The effect of built-up edge on the cutting vibrations in machining 2024-T351 aluminum alloy

Abstract

Modern advanced machining processes often require the automatic monitoring of tool condition and machining performance, such as the cutting vibrations and chatter, the cutting forces, tool wear, the machined surface quality, and built-up edge (BUE). The BUE is often generated on the tool rake face in machining ductile metals and alloys at low to moderate cutting speeds. The previous research focused on the effects of the BUE on the cutting forces, tool wear, the machined surface roughness, and so on. The present study closes the research gap by establishing a quantitative relationship between BUE formation and cutting vibrations.
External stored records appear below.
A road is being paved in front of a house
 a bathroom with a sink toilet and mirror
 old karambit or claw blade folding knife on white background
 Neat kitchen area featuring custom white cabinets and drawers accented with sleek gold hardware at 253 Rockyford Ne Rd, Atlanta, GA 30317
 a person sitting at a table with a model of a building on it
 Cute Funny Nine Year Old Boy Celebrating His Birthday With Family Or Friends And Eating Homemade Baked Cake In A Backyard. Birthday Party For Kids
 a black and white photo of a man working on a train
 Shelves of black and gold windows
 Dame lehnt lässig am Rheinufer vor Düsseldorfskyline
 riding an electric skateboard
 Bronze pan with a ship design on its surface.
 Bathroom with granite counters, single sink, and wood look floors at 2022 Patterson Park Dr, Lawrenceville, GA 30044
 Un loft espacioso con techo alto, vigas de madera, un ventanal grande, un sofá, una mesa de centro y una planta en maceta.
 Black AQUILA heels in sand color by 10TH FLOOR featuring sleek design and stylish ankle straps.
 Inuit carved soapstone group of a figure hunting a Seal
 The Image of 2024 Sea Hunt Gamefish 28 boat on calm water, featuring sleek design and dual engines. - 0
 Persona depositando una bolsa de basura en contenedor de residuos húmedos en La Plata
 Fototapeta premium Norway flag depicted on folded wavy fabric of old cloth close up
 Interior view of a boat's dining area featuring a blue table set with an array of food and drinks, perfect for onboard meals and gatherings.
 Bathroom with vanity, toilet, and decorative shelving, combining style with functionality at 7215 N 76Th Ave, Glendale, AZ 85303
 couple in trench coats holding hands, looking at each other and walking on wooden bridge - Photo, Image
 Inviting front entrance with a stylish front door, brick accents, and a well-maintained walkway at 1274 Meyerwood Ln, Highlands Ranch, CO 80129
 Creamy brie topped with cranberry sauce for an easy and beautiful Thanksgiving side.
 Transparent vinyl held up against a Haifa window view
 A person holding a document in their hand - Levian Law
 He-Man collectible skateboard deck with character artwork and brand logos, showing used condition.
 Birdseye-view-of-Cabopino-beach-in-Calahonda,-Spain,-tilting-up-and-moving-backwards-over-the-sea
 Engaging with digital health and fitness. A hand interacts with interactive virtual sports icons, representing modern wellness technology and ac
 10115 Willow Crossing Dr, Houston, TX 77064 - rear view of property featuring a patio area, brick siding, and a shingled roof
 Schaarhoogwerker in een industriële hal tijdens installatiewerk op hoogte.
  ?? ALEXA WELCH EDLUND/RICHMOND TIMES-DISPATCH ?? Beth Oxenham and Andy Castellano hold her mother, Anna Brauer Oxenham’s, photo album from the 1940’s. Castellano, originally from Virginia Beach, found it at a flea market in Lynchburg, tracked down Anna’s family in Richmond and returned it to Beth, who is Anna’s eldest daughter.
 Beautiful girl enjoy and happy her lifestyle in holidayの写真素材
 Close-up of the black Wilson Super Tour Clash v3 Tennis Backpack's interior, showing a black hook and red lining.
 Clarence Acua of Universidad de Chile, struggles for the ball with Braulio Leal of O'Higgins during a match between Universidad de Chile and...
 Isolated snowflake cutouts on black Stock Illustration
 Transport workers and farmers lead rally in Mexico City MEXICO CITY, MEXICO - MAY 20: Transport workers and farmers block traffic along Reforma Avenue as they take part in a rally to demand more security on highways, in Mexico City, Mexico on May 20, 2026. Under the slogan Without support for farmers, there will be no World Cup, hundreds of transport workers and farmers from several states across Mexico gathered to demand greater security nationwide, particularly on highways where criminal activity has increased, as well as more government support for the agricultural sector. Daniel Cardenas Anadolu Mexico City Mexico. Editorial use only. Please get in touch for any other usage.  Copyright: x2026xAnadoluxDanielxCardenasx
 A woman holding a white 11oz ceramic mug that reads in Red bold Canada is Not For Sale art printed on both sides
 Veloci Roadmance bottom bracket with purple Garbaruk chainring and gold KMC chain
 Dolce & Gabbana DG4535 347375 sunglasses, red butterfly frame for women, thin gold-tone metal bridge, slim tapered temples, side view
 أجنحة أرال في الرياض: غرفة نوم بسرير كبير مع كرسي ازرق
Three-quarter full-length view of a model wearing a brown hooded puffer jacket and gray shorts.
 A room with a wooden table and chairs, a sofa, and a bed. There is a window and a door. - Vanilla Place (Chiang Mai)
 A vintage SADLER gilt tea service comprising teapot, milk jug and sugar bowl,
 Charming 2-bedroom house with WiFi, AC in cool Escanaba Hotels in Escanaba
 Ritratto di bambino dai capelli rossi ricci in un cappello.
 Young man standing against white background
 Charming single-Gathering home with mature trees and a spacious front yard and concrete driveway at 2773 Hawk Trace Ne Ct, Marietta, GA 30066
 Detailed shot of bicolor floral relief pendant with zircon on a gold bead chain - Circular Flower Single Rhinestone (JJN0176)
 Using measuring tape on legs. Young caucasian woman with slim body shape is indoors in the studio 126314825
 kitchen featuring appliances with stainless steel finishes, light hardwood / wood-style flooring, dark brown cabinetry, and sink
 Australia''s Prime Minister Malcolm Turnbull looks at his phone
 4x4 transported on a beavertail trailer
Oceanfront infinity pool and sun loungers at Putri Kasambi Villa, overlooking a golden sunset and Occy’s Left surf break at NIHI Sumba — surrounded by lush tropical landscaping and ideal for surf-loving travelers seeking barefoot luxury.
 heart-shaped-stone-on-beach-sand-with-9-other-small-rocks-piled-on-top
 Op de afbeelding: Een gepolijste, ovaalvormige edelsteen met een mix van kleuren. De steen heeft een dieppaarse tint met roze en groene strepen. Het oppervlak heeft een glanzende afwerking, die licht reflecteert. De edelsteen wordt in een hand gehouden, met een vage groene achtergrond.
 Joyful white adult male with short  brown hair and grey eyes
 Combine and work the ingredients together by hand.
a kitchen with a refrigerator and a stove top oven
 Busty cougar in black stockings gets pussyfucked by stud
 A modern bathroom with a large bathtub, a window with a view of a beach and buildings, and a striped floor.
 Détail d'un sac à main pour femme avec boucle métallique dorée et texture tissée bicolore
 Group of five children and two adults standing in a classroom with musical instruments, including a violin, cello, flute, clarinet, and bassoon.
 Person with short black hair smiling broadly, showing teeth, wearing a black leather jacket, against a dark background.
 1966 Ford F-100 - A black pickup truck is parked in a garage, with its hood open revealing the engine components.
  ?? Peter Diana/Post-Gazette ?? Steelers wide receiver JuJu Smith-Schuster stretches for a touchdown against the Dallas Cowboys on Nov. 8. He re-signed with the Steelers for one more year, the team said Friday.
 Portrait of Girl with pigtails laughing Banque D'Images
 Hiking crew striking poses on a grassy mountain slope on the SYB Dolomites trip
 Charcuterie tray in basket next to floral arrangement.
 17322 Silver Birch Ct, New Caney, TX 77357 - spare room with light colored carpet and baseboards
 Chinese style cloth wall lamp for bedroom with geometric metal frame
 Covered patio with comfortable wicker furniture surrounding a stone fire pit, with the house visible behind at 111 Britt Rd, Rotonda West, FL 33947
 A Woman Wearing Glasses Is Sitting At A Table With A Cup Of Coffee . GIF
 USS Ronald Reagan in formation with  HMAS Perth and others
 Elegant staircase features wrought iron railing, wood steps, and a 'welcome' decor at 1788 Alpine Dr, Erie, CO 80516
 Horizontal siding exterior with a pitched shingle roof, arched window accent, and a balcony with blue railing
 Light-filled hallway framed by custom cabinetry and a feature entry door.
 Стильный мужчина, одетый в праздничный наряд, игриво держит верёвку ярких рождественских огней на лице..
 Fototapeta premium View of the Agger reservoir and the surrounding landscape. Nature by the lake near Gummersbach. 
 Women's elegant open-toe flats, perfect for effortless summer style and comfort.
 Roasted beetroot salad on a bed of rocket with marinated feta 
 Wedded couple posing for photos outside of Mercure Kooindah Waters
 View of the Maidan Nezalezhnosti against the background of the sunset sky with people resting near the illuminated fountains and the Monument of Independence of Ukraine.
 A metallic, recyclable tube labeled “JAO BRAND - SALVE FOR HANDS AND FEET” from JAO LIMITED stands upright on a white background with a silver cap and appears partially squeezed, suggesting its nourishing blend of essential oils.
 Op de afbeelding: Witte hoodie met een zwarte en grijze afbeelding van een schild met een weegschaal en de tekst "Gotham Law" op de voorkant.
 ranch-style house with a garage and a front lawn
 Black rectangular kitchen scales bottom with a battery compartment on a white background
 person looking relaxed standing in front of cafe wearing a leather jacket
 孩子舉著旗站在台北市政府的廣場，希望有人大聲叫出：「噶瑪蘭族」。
A set of cutting experiments covering a wide range of cutting conditions was performed on an aluminum alloy commonly used in many industries. The vibration signals generated from machining were analyzed in both time and frequency domains. The results show that there exist three distinct BUE regions that are characterized by different patterns of cutting vibrations. The vibration amplitude is influenced by the cutting speed, the feed rate, and their interaction. It is proposed and shown that kurtosis, a statistical tool, can be used to distinguish between “steady” and “unsteady” BUE formation that is associated with different patterns of cutting vibrations. It is also shown that the frequency analysis using spectra provides more insights into various frequency components.